In [66]:
# Reference: https://jupyterbook.org/interactive/hiding.html
# Use {hide, remove}-{input, output, cell} tags to hiding content

import numpy as np
import matplotlib.pyplot as plt
import pandas as pd
import seaborn as sns
%matplotlib inline
import ipywidgets as widgets
from ipywidgets import interact, interactive, fixed, interact_manual
from IPython.display import display
import myst_nb

sns.set()
sns.set_context('talk')
np.set_printoptions(threshold=20, precision=2, suppress=True)
pd.set_option('display.max_rows', 7)
pd.set_option('display.max_columns', 8)
pd.set_option('precision', 2)
# This option stops scientific notation for pandas
# pd.set_option('display.float_format', '{:.2f}'.format)

def display_df(df, rows=pd.options.display.max_rows,
               cols=pd.options.display.max_columns):
    with pd.option_context('display.max_rows', rows,
                           'display.max_columns', cols):
        display(df)
       

(ch:files_granularity)=
# Table Shape and Granularity


As described earlier, we refer to a dataset's **structure** as a mental representation of the data, and in particular, we represent data that has a **table** structure by arranging data values in rows and columns. Now that we have investigated the restaurant inspection files, we load them into DataFrames and examine their shapes.

In [67]:
bus = pd.read_csv('data/businesses.csv', encoding='ISO-8859-1')
insp = pd.read_csv("data/inspections.csv")
viol = pd.read_csv("data/violations.csv")

In [68]:
print(" Restaurants shape:", bus.shape, "\n Inspections shape:", insp.shape,
      "\n Violations shape:", viol.shape)

 Restaurants shape: (6406, 9) 
 Inspections shape: (14222, 4) 
 Violations shape: (39042, 3)


We find that the restaurants table has 6406 rows and 9 columns. But, what does a row in the table represent? The answer to this question is what we refer to as the **granularity**. 

In [69]:
bus.head(2)

Unnamed: 0,business_id,name,address,city,...,postal_code,latitude,longitude,phone_number
0,19,NRGIZE LIFESTYLE CAFE,"1200 VAN NESS AVE, 3RD FLOOR",San Francisco,...,94109,37.79,-122.42,14157763262
1,24,OMNI S.F. HOTEL - 2ND FLOOR PANTRY,"500 CALIFORNIA ST, 2ND FLOOR",San Francisco,...,94104,37.79,-122.4,14156779494


:::{note}

By default, `pandas` restricts its output to only show a few rows and columns
at once. To see more possible values, we can ask `pandas` to display more rows
and columns,
though the output can be verbose if there are many rows to display.

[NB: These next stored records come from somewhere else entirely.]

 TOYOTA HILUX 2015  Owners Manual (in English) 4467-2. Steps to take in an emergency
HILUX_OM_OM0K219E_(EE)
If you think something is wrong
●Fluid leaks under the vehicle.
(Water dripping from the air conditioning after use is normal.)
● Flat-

In this book, we've defined a function called `display_df` as a shorthand to
display more than the default number of rows and columns.

:::

Simply looking at the dataframe, we get the impression that each row/record represents a single restaurant/business. Is there one record per business in the table? The field `business_id` seems to imply that it is the unique identifier for the business. We can confirm this by checking whether the number of records in `bus` matches the number of unique values in `business_id`.

In [70]:
print("Number of records:", len(bus))
print("Number of unique business ids:", len(bus['business_id'].unique()))

Number of records: 6406
Number of unique business ids: 6406


Alternatively, we can count the number of occurrences of each `business_id` in
the table and check that they are all 1.


In [71]:
# Since value_counts() sorts the counts from largest to smallest, 
# we can see that all IDs only appear 1 time in the table.
bus['business_id'].value_counts()

2047     1
71088    1
5528     1
        ..
64154    1
2716     1
83969    1
Name: business_id, Length: 6406, dtype: int64

Indeed, both approaches confirm that `business_id` uniquely identifies each record in the DataFrame. We call `business_id` the **primary key** in the business table. 

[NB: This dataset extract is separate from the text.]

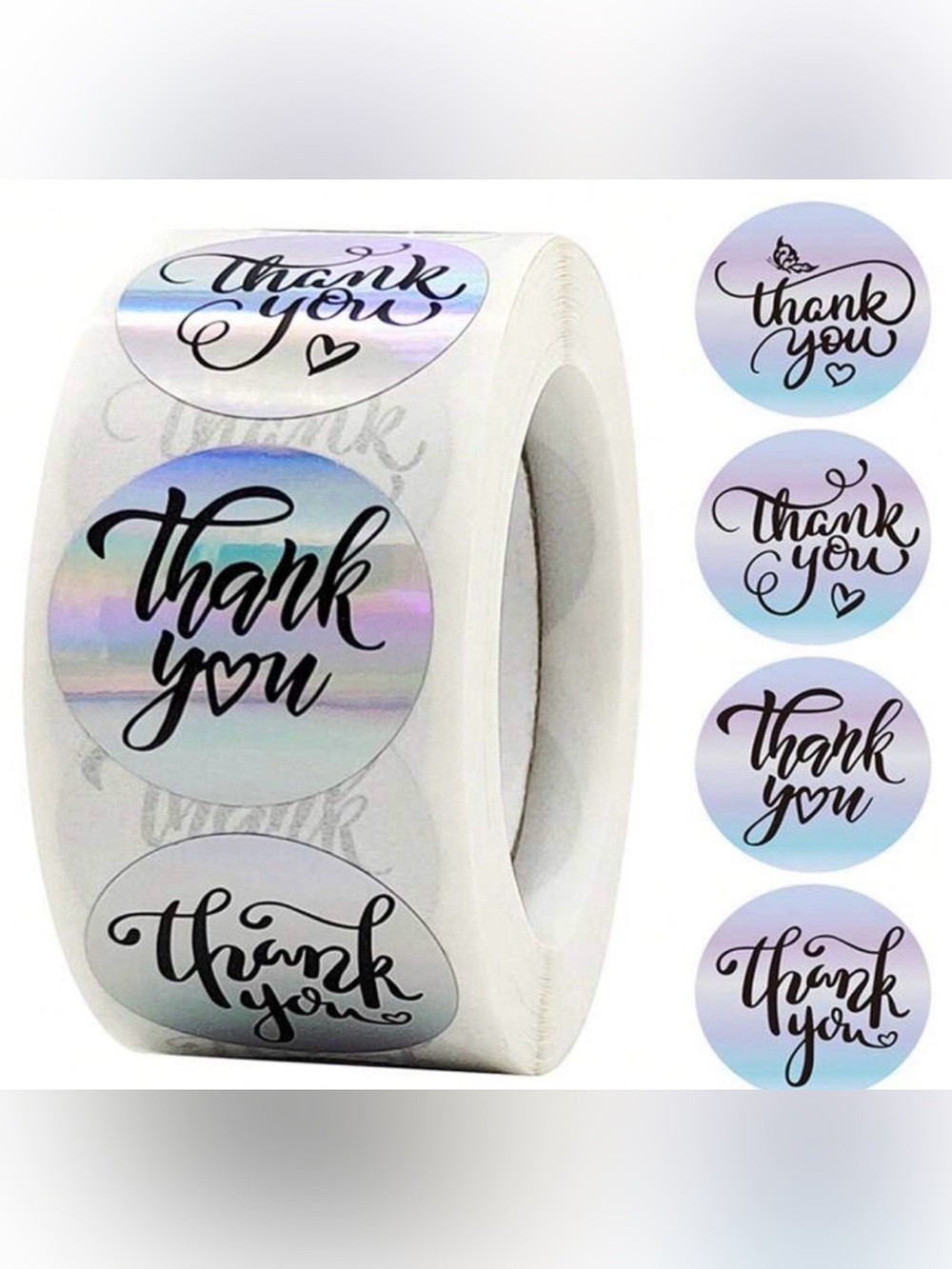 Silver Holographic 'Thank You' Round Sticker Roll - 500 Count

And what does each column represent? The names of the columns are helpful in identifying the contents: the name, address, city, state, postal code, latitude, longitude, phone number, and zip code of the restaurant. It's a bit odd that one column is for a postal code and another is for a zip code, and the records that we have examined show the exact same values in these two fields. In practice, we will want to check that these column are indeed redundant and possibly remove one of them. 

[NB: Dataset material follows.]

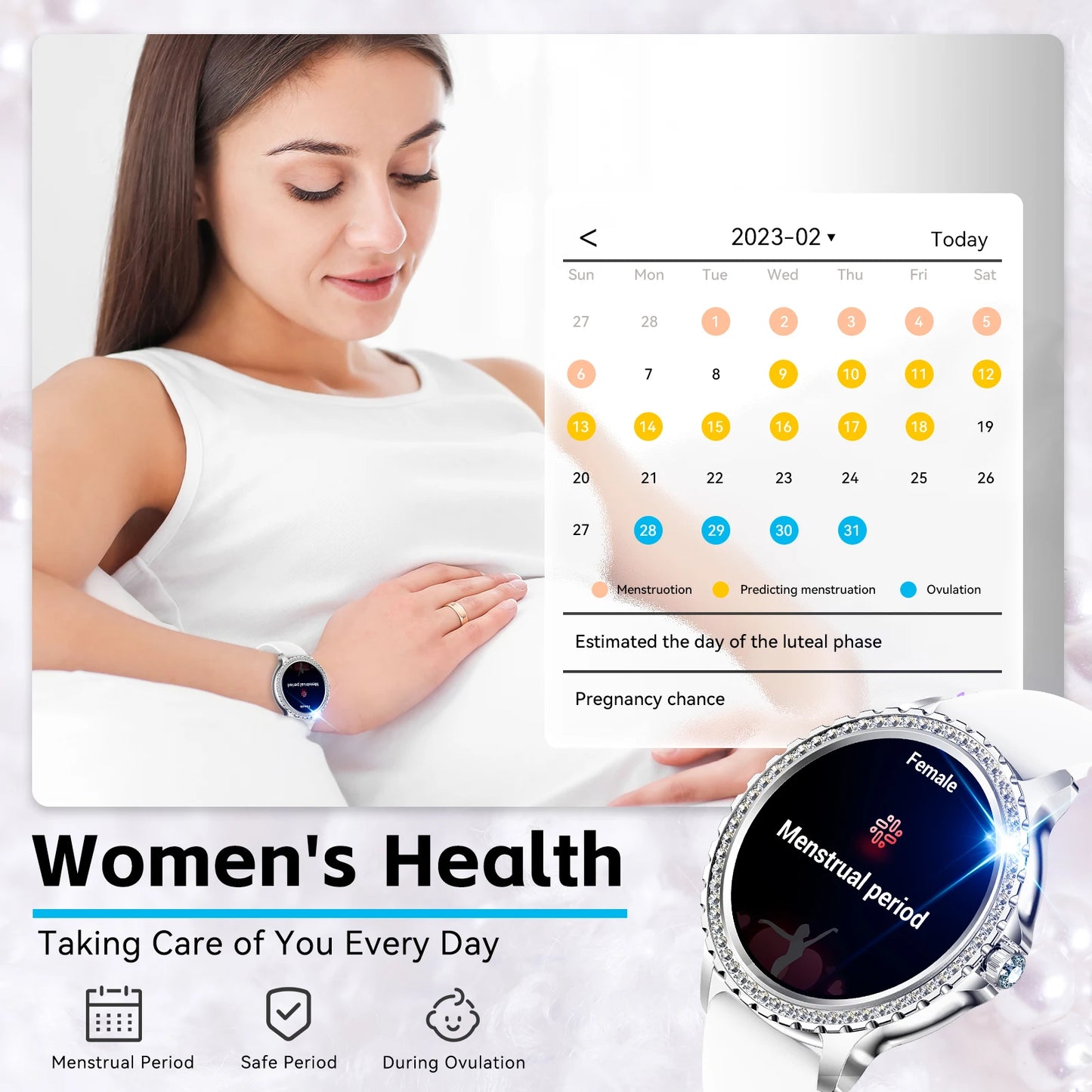 LaNikar Smart Watch for Women Smartwatch Fitness Tracker Watch with Heart Rate/Sleep Monitor/Pedometer for iPhone Android Phones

Let's continue the examination of the inspections and violations data frames
and find their granularity.

## Granularity of Restaurant Inspections and Violations

Next, let's look at the data for restaurant inspections. There are many more rows in the inspections table compared to the business table. We take a closer look at the first few rows in the table.

In [72]:
insp.head(4)

Unnamed: 0,business_id,score,date,type
0,19,94,20160513,routine
1,19,94,20171211,routine
2,24,98,20171101,routine
3,24,98,20161005,routine


We notice that it also contains a field called `business_id`, but there are duplicate values of the ID. We see two records for business #19, but the dates are different for these two records. This implies that there is one record for each inspection of a restaurant in the table of inspections. In other words, the granularity of this table is a restaurant inspection. If this is indeed the case, that would mean that the unique identifier of a row is the combination of
`business_id` and `date`. In other words, the primary key consists of two fields.

To confirm that the two fields form the primary key, we can group `insp` by the combination of `business_id` and `date`, and then find the size of each group. If `business_id` and `date` uniquely define each row of the dataframe, then each group should have size 1.

In [73]:
(insp
 .groupby(['business_id', 'date'])
 .size()
 .sort_values(ascending=False)
 .head(5)
)

business_id  date    
77427        20170706    2
64859        20150924    2
87440        20160801    2
94231        20171214    1
7640         20161228    1
dtype: int64

The combination of ID and date, uniquely identifies each record in the inspections table, with the exception of three restaurants, which have two records for an ID-date combination. For example, it looks like restaurant `64859` got two different scores on the date `20150924` (Sept. 24, 2015). How could this happen? It may be that the restaurant had two inspections in one day, or it might be an error.

In [74]:
insp.query('business_id == 64859 and date == 20150924')

Unnamed: 0,business_id,score,date,type
7742,64859,96,20150924,routine
7744,64859,91,20150924,routine


We would address these sorts of questions when we consider the data quality in {numref}`Chapter %s <ch:wrangling>`. In any case, for all intents and purposes, the primary key for the inspections table is the combination of restaurant ID and inspection date.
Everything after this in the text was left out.